The most hideous one is when you verify beforehand that there is an internet connection and you find out on the training day it's heaviliy firewalled and you cannot download any package from PyPI. Good luck!
Plenty of power outlets.
Networking equipment and enough bandwidth.
Have some drinks and snacks ready for the short breaks.
Have a location where people can walk during a break and in general refresh their minds.
A beamer/projector set up in a room that you don't have to darken too much to see anything.
Depending on how you teach and which materials you have, it can be great to have two beamers and laptops: on one beamer you can present the agenda, schedule, excercices or training material.
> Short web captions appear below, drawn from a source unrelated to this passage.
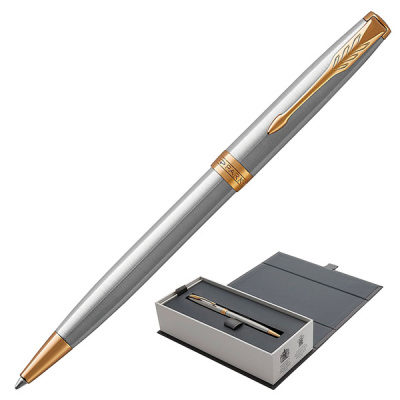 Ручка шар. Sonnet Stainless Steel CT черная корпус нерж сталь детали позол Parker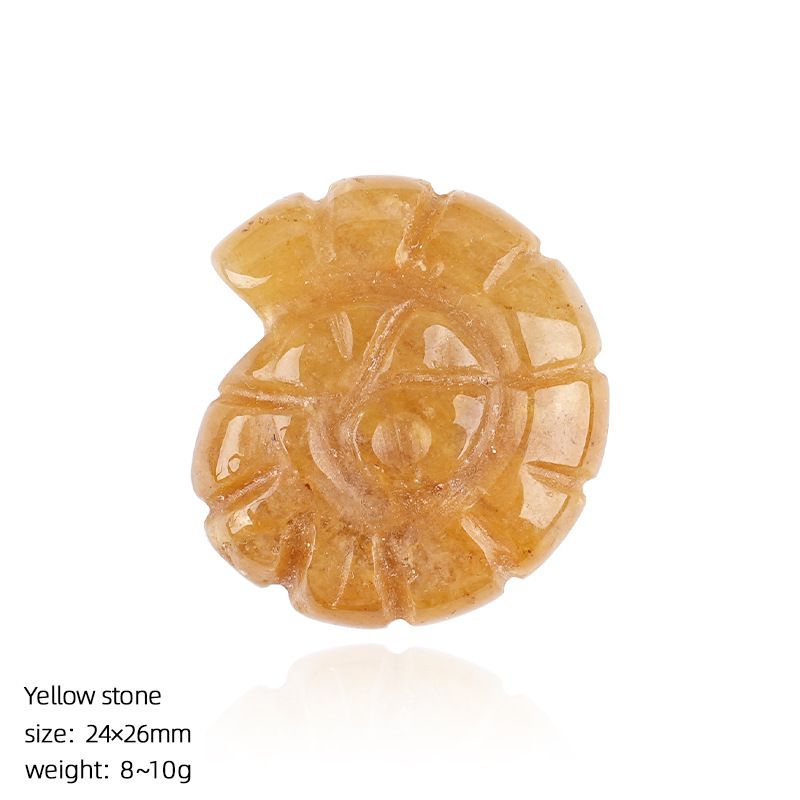 2422 Concha de cristal natural gravura tridimensional dupla face ornamento de micro-paisagem doméstica em forma de caracol concha de gema não porosa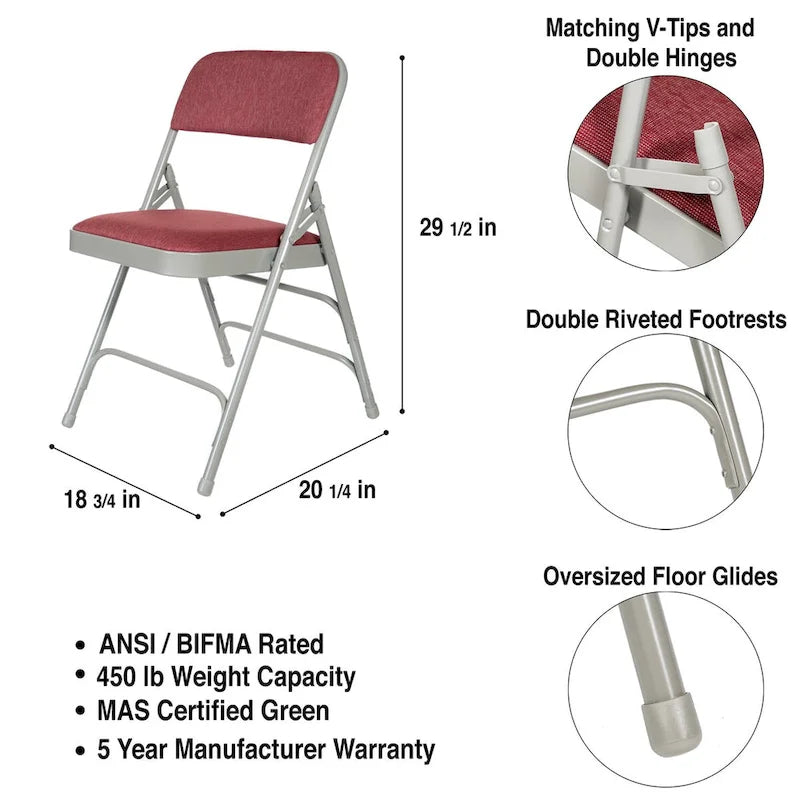 Chaise pliante Triple Renfort en Tissu, Lot de 4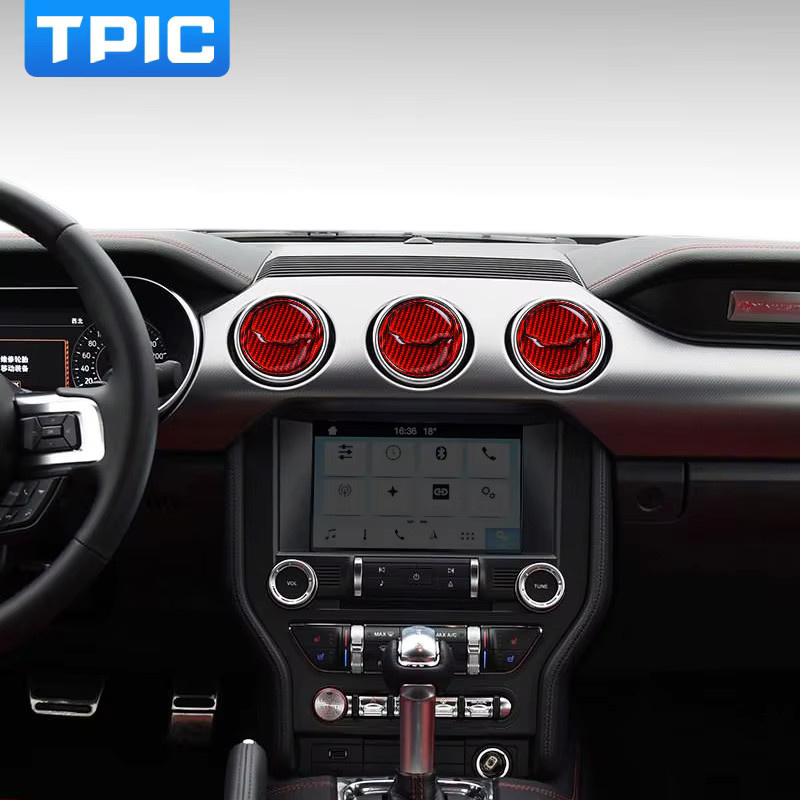 BetterHumz Carbon Faser Dashboard Klimaanlage Lüftungsdüsen Abdeckung Trim Aufkleber für Ford Mustang GT 2015-2019 Auto Innenraum Zubehör - Bild 2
And the other laptop/beamer can be dedicated to showing hands-on demo's of editing content, developing, running, whatever.
Why: It can be quite confusing for student to follow you if you command/alt-tab through windows every 3 seconds and the sentence they were just reading from the training material disappears from view again. It provides extra context.
Depending on the kind of training you give it can be wise to verify the capabilities of the laptops that students have to bring with them to the training if it is for example a developer oriented training.
We've experimented with virtual machines set-ups in the past at PloneConf trainings and there is a lot of development in this area with complete online environments to teach, but in general: verifiy that students have access on their laptops to install stuff admin permissions, if you're going the virtual machine route check that their laptops are capable of running virtual machines. Minimum amount or RAM, etc. etc.
Prepare for the worst#
If you want to be absolutely sure that you can give a training anywhere/anytime, prepare for the worst:
No internet connection. Set up a local pypi mirror for a developer training where you have all the packages available. Bring material with you to set up a local network with an extra Plone server configured and ready if you're doing an end user/webmaster/integrator kind of training.
Prepare virtual machine images beforehand that people can use.
Bring some extra power outlets and cabling and a wifi router/base station.
Have at least some outlines of your training material with you printed.
Have a backup laptop/machine/NUC if you can afford it.